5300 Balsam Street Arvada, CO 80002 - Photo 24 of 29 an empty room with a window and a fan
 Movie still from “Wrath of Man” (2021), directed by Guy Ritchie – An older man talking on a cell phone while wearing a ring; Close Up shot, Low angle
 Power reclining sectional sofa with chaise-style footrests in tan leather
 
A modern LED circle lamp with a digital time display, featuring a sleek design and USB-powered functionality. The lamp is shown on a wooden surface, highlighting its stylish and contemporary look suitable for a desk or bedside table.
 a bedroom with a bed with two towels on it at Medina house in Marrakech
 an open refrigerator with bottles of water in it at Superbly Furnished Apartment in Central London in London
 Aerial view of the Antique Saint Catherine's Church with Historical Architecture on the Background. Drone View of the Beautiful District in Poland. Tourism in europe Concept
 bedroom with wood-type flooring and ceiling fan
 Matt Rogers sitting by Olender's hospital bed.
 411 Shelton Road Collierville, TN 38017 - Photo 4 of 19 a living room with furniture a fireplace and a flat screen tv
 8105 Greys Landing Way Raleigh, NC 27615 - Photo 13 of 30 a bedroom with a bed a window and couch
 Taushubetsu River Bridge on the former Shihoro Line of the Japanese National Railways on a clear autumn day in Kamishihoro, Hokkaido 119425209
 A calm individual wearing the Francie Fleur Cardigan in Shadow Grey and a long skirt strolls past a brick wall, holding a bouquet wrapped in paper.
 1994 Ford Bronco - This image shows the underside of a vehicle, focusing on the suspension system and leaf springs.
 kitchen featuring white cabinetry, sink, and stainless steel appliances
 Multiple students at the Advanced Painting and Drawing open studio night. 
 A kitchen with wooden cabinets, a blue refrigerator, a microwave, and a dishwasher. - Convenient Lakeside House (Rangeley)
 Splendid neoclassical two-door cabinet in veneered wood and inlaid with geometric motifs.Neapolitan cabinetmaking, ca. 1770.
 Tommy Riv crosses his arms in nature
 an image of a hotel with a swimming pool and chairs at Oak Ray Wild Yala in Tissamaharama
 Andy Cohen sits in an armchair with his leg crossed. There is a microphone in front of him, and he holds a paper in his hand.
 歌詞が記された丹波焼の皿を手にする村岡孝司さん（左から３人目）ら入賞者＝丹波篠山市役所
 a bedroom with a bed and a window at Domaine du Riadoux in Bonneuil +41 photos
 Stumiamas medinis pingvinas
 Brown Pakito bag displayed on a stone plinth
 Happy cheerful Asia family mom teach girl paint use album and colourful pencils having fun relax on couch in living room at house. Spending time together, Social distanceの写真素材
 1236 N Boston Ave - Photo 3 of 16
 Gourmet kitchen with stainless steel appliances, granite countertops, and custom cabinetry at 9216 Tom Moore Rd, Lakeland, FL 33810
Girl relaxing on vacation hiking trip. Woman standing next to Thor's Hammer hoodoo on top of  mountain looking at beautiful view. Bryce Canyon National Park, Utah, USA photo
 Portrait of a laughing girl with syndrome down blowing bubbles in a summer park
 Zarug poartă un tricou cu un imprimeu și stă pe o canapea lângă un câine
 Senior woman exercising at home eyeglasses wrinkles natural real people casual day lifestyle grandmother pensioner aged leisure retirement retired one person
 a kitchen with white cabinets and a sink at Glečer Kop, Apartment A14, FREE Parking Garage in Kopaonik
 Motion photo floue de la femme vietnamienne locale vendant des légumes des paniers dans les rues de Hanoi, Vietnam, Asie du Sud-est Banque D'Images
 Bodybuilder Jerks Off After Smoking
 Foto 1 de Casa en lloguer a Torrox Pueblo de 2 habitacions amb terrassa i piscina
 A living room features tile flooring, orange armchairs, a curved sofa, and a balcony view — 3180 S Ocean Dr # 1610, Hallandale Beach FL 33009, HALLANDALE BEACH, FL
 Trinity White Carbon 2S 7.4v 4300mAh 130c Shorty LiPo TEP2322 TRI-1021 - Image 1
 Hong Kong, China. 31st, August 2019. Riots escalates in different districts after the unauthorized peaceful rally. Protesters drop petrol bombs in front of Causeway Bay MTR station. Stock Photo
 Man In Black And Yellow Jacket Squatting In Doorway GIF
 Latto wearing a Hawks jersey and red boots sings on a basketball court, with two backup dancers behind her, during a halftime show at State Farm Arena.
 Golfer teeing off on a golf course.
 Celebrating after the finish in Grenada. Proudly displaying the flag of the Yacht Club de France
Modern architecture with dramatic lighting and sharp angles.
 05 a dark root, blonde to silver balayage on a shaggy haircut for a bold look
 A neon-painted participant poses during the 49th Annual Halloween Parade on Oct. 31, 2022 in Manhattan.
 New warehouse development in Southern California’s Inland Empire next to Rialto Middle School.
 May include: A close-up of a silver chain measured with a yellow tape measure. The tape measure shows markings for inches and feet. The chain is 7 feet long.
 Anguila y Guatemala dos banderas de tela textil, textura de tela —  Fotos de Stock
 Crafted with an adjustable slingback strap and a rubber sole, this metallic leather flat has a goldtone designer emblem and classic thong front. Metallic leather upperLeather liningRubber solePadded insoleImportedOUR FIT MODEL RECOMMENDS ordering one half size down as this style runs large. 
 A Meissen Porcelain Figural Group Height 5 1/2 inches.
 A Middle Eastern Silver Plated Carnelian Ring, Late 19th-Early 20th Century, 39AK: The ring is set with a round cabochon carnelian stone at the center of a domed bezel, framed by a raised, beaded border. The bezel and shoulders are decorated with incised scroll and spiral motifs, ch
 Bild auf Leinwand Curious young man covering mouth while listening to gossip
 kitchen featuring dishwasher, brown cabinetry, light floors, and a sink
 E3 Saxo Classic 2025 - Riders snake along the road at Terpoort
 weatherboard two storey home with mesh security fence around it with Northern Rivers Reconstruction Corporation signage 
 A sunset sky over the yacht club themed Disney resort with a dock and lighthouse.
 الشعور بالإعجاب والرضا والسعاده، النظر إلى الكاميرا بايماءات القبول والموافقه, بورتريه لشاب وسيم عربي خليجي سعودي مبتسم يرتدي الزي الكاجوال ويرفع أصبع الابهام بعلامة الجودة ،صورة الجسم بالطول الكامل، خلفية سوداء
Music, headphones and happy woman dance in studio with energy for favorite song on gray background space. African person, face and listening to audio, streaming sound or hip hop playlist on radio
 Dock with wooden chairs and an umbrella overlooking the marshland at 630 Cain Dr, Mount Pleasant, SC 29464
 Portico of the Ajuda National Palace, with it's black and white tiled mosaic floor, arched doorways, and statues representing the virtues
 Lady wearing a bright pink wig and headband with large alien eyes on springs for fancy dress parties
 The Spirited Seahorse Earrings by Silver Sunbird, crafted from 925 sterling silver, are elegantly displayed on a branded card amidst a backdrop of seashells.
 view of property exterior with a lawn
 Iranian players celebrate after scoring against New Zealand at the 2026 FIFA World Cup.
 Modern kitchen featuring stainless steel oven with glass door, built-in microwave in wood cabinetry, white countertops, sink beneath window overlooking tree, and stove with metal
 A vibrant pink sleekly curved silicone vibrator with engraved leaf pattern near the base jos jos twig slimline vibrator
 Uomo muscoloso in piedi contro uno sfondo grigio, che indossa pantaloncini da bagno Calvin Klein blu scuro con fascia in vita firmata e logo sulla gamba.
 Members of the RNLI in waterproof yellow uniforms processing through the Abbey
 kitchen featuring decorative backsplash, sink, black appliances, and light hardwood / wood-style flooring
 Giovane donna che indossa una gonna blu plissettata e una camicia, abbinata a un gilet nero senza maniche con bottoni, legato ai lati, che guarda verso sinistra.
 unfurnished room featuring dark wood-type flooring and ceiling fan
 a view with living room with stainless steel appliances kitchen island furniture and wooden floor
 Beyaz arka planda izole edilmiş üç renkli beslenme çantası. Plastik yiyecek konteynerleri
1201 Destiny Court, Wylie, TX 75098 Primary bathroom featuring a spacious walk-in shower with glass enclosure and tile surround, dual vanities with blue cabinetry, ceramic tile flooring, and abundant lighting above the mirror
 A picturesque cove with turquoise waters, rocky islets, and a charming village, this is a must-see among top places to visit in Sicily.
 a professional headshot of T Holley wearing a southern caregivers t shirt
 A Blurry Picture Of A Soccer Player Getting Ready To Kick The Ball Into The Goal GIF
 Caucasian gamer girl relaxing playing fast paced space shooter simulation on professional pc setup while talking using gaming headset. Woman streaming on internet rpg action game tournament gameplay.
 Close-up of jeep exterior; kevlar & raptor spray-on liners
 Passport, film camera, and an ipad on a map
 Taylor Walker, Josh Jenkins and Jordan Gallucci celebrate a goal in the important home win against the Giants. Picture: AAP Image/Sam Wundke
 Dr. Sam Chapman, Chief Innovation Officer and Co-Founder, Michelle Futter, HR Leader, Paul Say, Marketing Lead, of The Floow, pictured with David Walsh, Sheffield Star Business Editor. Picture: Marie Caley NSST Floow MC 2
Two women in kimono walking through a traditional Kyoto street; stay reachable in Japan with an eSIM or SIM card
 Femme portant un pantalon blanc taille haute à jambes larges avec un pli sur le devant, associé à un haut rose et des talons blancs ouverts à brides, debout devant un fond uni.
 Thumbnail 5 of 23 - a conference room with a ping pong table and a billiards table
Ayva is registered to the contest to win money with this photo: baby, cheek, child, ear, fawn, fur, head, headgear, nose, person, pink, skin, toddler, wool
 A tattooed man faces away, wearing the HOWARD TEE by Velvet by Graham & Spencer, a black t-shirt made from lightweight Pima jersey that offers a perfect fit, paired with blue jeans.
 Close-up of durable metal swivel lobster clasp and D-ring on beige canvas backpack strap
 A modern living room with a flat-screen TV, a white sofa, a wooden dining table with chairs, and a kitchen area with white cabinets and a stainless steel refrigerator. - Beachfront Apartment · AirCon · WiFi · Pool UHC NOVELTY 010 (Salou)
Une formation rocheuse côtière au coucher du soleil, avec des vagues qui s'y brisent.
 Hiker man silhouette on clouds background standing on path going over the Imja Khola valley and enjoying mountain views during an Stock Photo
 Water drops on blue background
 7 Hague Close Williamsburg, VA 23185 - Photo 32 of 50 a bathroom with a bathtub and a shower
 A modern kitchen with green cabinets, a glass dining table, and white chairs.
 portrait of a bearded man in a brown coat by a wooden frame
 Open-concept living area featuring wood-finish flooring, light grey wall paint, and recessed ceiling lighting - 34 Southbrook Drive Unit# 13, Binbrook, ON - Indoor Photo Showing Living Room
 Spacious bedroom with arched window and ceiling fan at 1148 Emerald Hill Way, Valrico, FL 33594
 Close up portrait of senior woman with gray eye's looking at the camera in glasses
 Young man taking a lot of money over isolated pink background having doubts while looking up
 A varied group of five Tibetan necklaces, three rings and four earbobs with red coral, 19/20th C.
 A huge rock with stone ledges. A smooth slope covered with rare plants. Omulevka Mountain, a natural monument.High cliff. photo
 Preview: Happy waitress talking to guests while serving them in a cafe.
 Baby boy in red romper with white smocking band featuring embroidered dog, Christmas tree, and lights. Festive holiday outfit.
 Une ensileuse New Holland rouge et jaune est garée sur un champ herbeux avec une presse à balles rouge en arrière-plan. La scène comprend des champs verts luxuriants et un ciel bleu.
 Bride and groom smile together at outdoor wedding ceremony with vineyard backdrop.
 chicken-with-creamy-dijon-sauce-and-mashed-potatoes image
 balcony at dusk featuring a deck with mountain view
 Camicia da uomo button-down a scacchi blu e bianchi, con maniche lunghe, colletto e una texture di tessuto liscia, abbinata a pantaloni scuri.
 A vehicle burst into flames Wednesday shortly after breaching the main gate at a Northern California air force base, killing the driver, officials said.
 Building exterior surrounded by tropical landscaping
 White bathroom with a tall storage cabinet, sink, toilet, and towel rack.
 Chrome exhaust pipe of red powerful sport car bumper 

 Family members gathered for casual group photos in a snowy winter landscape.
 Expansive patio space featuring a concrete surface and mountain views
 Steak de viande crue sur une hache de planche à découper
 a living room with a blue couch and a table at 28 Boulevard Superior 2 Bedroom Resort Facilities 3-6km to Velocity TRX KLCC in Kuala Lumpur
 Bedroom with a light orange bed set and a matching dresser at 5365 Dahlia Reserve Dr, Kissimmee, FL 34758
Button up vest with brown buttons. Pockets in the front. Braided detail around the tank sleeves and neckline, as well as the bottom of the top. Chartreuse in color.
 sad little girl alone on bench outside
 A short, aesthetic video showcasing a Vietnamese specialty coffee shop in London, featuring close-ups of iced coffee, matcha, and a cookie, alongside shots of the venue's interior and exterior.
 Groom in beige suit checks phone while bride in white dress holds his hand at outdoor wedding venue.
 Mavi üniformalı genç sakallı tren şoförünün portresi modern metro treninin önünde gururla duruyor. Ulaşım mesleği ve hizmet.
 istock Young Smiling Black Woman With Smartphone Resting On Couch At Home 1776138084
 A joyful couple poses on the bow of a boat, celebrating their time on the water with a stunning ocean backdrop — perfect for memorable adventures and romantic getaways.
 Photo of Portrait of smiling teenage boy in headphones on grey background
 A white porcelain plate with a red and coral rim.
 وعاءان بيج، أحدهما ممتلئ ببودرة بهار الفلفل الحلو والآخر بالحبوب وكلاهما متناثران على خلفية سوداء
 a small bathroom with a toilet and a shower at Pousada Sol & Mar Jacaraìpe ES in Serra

++++++++++

*TASK PROMPT*
Say how many lines in the data above contain the string "standing", and give no other output.

*YOUR RESPONSE*
2